In truth, the root causes of OSA, and some forms of Central Sleep Apnea (via strokes) are closely intertwined with the same factors driving the explosion of obesity, hypertension, atherosclerosis, strokes, heart attacks, certain cancers, erectile dysfunction, arthritis, and osteoporosis. These are largely diseases of affluence, fueled by chronic calorie excess and poor dietary quality in part, rather than the diseases of poverty our grandparents faced. Diseases of Poverty (also called diseases of the poor) are illnesses that predominantly affect people living in poverty due to poor sanitation, malnutrition, lack of clean water, limited healthcare access, and overcrowded living conditions.
Brief Examples:
Infectious/Communicable Diseases:
Malaria
Tuberculosis (TB)
HIV/AIDS (especially in low-resource settings)
Diarrheal diseases (e.g., cholera, dysentery)
Respiratory infections (pneumonia)
Neglected Tropical Diseases (e.g., schistosomiasis, hookworm, trachoma)
Nutritional Deficiency Diseases:
Severe malnutrition (Marasmus, Kwashiorkor)
Vitamin deficiencies (e.g., Vitamin A blindness, Rickets, Beriberi)
Other Common Ones:
Maternal and child mortality conditions
Parasitic infections
These diseases are largely preventable and treatable with basic public health measures (clean water, vaccines, nutrition, sanitation). They contrast with diseases of affluence (heart disease, type 2 diabetes, obesity, hypertension, certain cancers), which are more common in wealthier populations due to over-nutrition, sedentary lifestyles, and processed foods.
Modern food environments appear intentionally engineered to promote over-consumption and metabolic dysfunction.

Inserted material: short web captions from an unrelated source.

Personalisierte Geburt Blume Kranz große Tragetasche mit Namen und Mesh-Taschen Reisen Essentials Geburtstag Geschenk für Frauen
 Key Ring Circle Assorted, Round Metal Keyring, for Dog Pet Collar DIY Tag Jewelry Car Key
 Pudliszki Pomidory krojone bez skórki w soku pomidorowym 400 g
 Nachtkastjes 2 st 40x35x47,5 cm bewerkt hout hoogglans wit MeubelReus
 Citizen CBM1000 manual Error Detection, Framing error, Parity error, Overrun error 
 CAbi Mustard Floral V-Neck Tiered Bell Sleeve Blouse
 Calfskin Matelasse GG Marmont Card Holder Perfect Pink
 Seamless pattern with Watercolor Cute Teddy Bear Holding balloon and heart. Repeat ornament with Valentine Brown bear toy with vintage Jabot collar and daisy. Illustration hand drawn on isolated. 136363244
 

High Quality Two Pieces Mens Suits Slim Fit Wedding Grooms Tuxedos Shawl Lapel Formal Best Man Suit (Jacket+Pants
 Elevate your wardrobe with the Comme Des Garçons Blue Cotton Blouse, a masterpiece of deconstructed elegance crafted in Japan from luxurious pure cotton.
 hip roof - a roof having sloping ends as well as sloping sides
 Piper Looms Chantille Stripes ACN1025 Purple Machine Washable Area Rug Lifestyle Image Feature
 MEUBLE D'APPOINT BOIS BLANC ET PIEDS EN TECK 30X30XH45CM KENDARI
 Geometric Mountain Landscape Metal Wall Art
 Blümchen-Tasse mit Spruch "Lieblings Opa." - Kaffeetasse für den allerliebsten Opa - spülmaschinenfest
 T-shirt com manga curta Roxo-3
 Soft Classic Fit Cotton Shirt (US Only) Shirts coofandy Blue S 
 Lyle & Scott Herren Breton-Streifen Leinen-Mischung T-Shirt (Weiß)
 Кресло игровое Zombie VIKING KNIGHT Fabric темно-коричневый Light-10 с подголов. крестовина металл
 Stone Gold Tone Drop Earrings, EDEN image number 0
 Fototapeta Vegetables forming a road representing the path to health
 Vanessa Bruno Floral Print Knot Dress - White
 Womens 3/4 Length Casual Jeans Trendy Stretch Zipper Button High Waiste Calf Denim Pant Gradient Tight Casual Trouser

While Dr. Spencer is correct in urging greater awareness and clinical attention to sleep disorders, the challenge before us is much broader. We must examine not only the downstream effects (using a telescope) but also the deeper, systemic dietary and lifestyle drivers (using a microscope) that are fueling this interconnected web of chronic disease.
Thank you, Dr. Spencer, for bringing this important issue to light. Greater public education on sleep health, combined with a national recommitment to balanced, whole-food nutrition, will be critical if we are to reverse the tide of non-communicable diseases in Grenada.
With our limited medical resources, few specialists, and constrained access to modern equipment, the toll of these diseases of affluence is already being felt acutely. Compounding this challenge is the lack of widespread, structured training for our physicians in the latest best practices for managing these complex, interconnected conditions. As a result, we are losing far too many members of our younger population prematurely to preventable conditions such as hypertension, OSA, diabetes, stroke, and heart disease. If we fail to address this growing crisis now, through better physician training, public education, and lifestyle interventions, we place the entire population at serious risk of premature death and long-term disability. Thank You.